Tom's Tavern closed. All those Saturday lunches with my dad, sitting in a booth and hoping that I didn't end up with a scoop of that godawful macaroni salad which would stand in stark contrast to one of the most amazing burgers on the planet, done. Over. It was the dimly lit corner just north of Boulder's pedestrian mall, a holdover from a simpler time when a burger and fries solved problems. It was where my brothers and I met after my father's memorial service. It was not just the aforementioned heavenly hamburgers. It was a destination, and later when I was a little older, I learned that you could ask for potato salad instead of the macaroni salad. It was a place that cured hangovers and helped me say goodbye. Tom's went away in 2007.
At that time, I was already living in California, and a trip to Tom;s was part of any homecoming. In the meantime, I found myself living, by happy coincidence, around the corner from a shoebox of a cafe called Hamburger Dave's. It was a place for me to go after a long day working in the book warehouse when my legs wouldn't carry me further up the street for more exotic fare. It was the first place in Oakland where I felt truly comfortable. The guy who ran the grill saw me coming and would throw a patty on the grill, and when I ran low on my large Coke, he didn't mind me reaching over the counter to pour myself a refill. That apostrophe s made a difference to me. It was my place. Until it closed, too.
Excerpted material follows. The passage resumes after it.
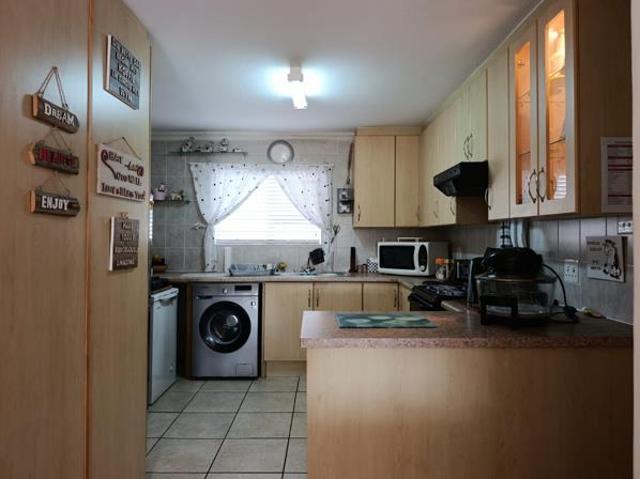 Townhouse for sale in Jeffreys Bay, Kouga Local Municipality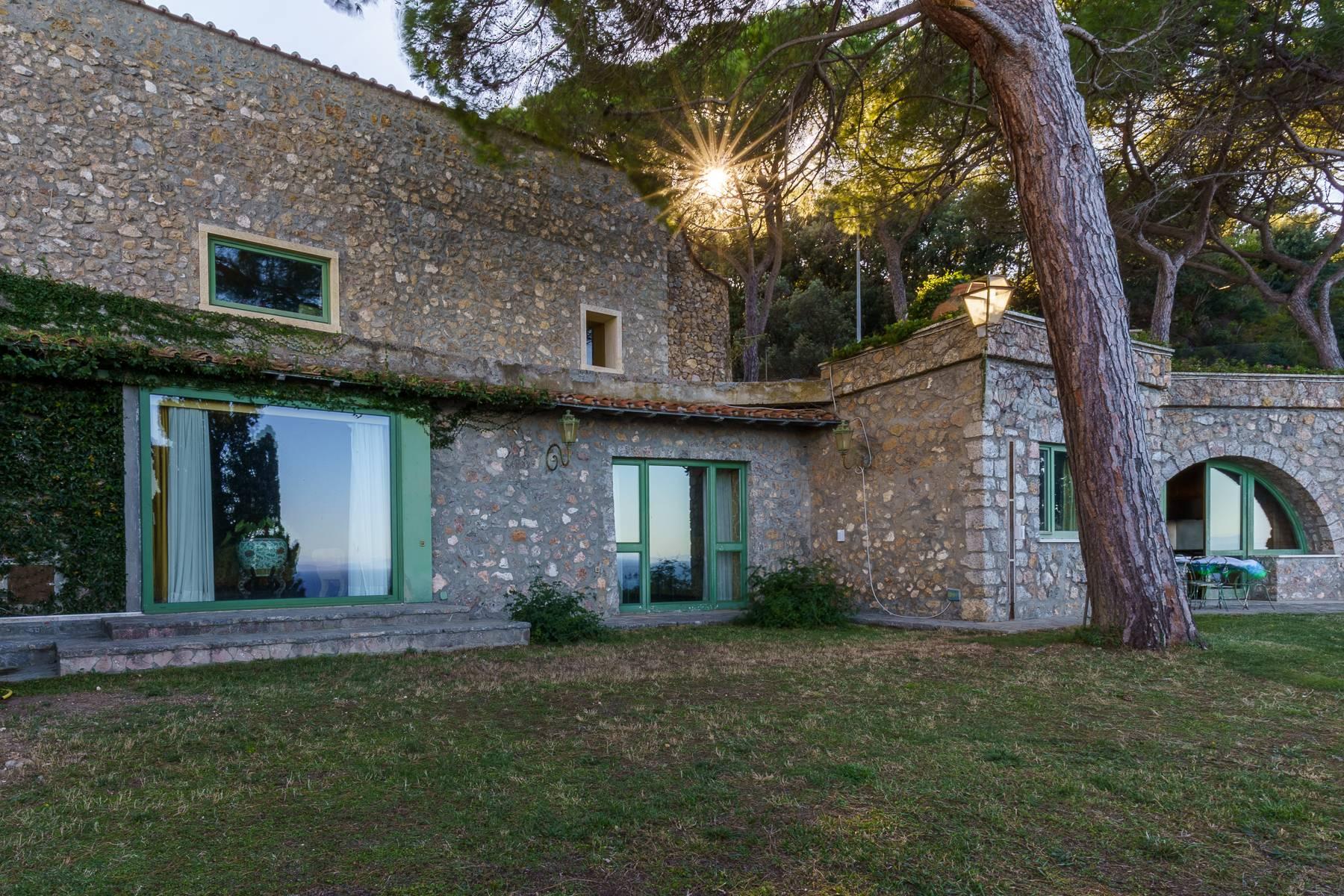 Unique villa facing the bay of Monte Argentario - 2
There are plenty of places that want to tell you that they are selling you a hamburger, but so many of them get caught up in making them unique or trendy. Please stop this. I don't want kale mixed into my ground beef no matter how many years this will add to my life. Don't use the term "artisan" to describe the bun or anything else that will be squirted with ketchup and chewed up by me in a matter of minutes, right after I finish my fries. The ones made with potatoes. Straight or twisty or crinkle cut, just make them a little crispy, please. Artisan. Who are we kidding?
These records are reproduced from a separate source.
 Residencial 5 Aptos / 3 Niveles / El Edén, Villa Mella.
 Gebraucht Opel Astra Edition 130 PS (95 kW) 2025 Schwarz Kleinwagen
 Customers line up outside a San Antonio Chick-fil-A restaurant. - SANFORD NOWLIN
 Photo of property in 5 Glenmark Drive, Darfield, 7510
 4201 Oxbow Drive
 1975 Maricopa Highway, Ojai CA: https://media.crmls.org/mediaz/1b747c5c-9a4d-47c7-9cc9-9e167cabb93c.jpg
That's why I was so very much in love with Bay Burger in the Emeryville Public Market Food Court. It met all those criteria, and even though I had to hop on and off a highway to get from one side of the town to the other, it was totally worth it. They knew my order, and over the years, they got to know me and when my son wasn't there at the counter ordering a cheeseburger with me, they asked after him. The hamburgers were exceptional, and brought me briefly back to those that gave me so much comfort at Tom's. The familiarity put me in mind of Hamburger Dave's. When I stopped drinking Coca Cola, they were as surprised as anyone because I had made such a reputation for myself and my standard order.
Now it's gone. Last Friday, after a week of rebounding back into the world of public education, I was eager to have the comfort food that put the pause button on the week. I could relax with a warm gut and a smile on my face. There was no Bay Burger. Just an empty stall in the Food Court. All the fixtures had been removed. Not even a sign saying goodbye. You might think I would be used to this heartbreak by now.
I'm not. But when one burger joint closes, another one opens. Just hold the artisan, please.